Petke shows in snow-globe win that he's ready to shake things up at RSL
There's something very apt about the way Real Salt Lake looked as if they were playing in a shaken-up snow globe during their 3-0 victory over the Vancouver Whitecaps on Saturday.
After all, their new coach Mike Petke has a reputation for shaking things up, whether it's as a no-nonsense player whose spats with opposing attackers are part of Major League Soccer punk folklore, or as the manager who finally gave the perennially flaky New York Red Bulls a winning edge and indeed their first trophy.
On Saturday, it looked like Petke had done it again -- winning his first game in charge of RSL by an emphatic 3-0 margin. By way of emphasizing the significance of that result, it was not only the team's first win in 2017, but its first victory since last August. A fired-up side, noticeably animated during the week's training sessions by the presence of the enthusiastic Petke, looked to have swept away not only Vancouver but its own malaise at the end of Jeff Cassar's reign.
At least that's what you would think looking at the scoreline. But just like the unfolding career of Petke himself, the truth is somewhat more subtle than the surface suggests.
For one thing, the three goals came in the second half, when the conditions were already farcical. If you want some perspective on that, you might consider that the highlight from the game that most neutrals are talking about was the cheeky snowball Luis Silva threw at Vancouver's Tim Parker, after the RSL player found himself bundled over in the box. It was that kind of evening.
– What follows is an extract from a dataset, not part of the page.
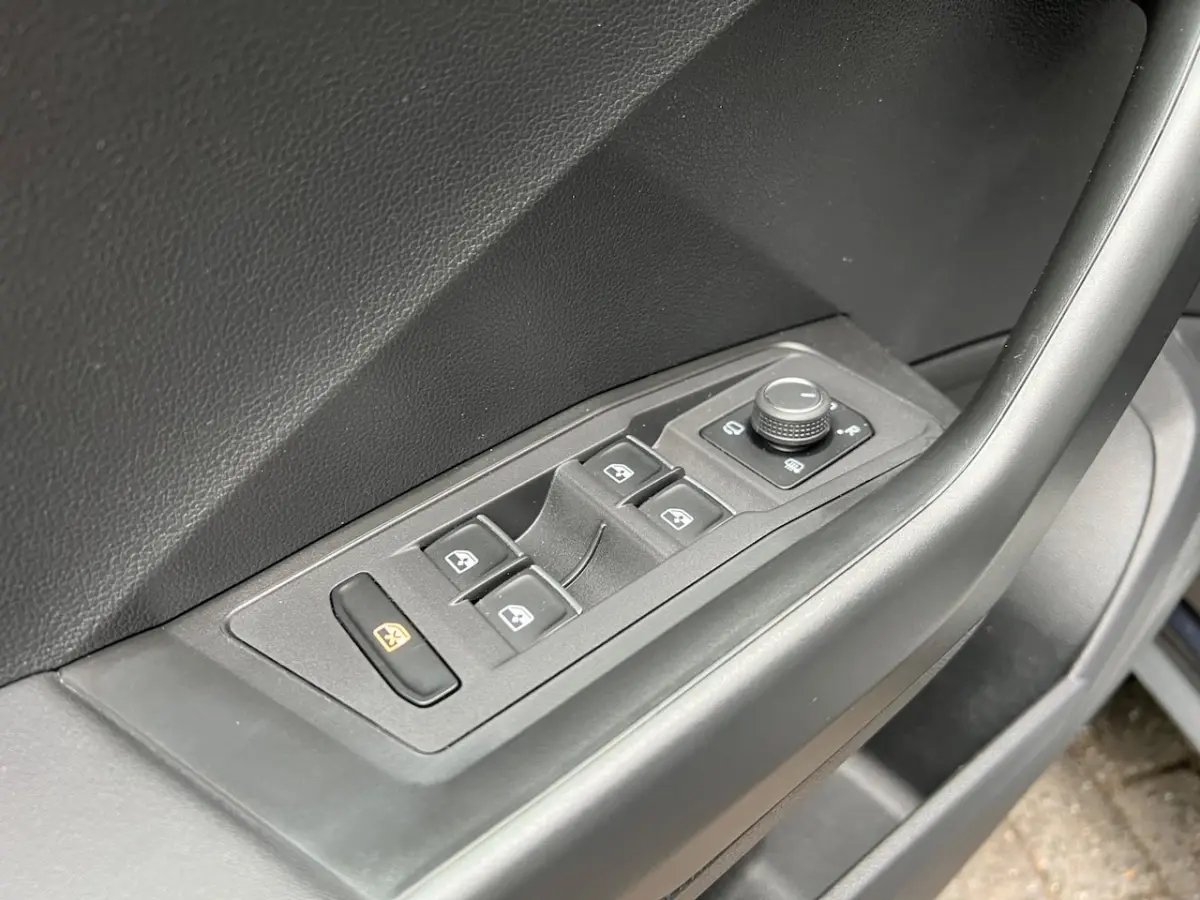 2.0 TSI 4-Motion 3x R-Line DSG Virtual/Pano/Trekhaak/ACC/Climate/Navigatie/Bluetooth/Camer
If you want a more sober assessment of Petke's start, the goalless first half of the game gave a few clues. Joao Plata found himself wider than usual in the 4-2-3-1 formation, but had a couple of looks at goal cutting in. Brooks Lennon was a real menace down the right, if still occasionally lacking in the final ball. In New York, Petke ultimately proved himself to be more of a pragmatist than a dreamer -- early visions of a swashbuckling 4-3-3 style swiftly solidified into that more solid 4-2-3-1. And in Salt Lake, too, Petke looks to have quickly accepted local conventional wisdom that Kyle Beckerman can no longer operate as the sole base of midfield, but that his virtues remain intact when offset with the diligence of Luke Mulholland.
Still, for all the liveliness of RSL's approach play in the first period amid steadily increasing snowfall, there were no goals. And that's an inherited problem Petke will have to solve.
As it was, Saturday night devolved into the sight of an orange ball skimming fitfully through the snow, and while RSL deserve credit for displaying the greater appetite and aptitude for staying on their collective feet, the visual noise of the storm echoed the noise drowning out any meaningful signals about life under Petke.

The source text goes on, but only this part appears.